▸ Directions
Produce word for word the lines of the data below running from the one that has "Quickly Wear It, I Really Am Not a Scumbag" to the one that has "Page 104 of Ore ga 4sareru Koto ni Natta Ken", inclusive, and no others.

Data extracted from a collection

━━━

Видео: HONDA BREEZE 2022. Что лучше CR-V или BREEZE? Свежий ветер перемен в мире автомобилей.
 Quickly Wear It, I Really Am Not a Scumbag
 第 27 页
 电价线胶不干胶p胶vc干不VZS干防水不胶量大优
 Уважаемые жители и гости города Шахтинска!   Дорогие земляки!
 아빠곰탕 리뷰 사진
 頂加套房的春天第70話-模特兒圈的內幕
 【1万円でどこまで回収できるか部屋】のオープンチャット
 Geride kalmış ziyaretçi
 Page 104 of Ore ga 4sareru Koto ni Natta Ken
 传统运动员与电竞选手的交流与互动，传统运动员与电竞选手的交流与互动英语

━━━

▸ Result of the task
 Quickly Wear It, I Really Am Not a Scumbag
 第 27 页
 电价线胶不干胶p胶vc干不VZS干防水不胶量大优
 Уважаемые жители и гости города Шахтинска!   Дорогие земляки!
 아빠곰탕 리뷰 사진
 頂加套房的春天第70話-模特兒圈的內幕
 【1万円でどこまで回収できるか部屋】のオープンチャット
 Geride kalmış ziyaretçi
 Page 104 of Ore ga 4sareru Koto ni Natta Ken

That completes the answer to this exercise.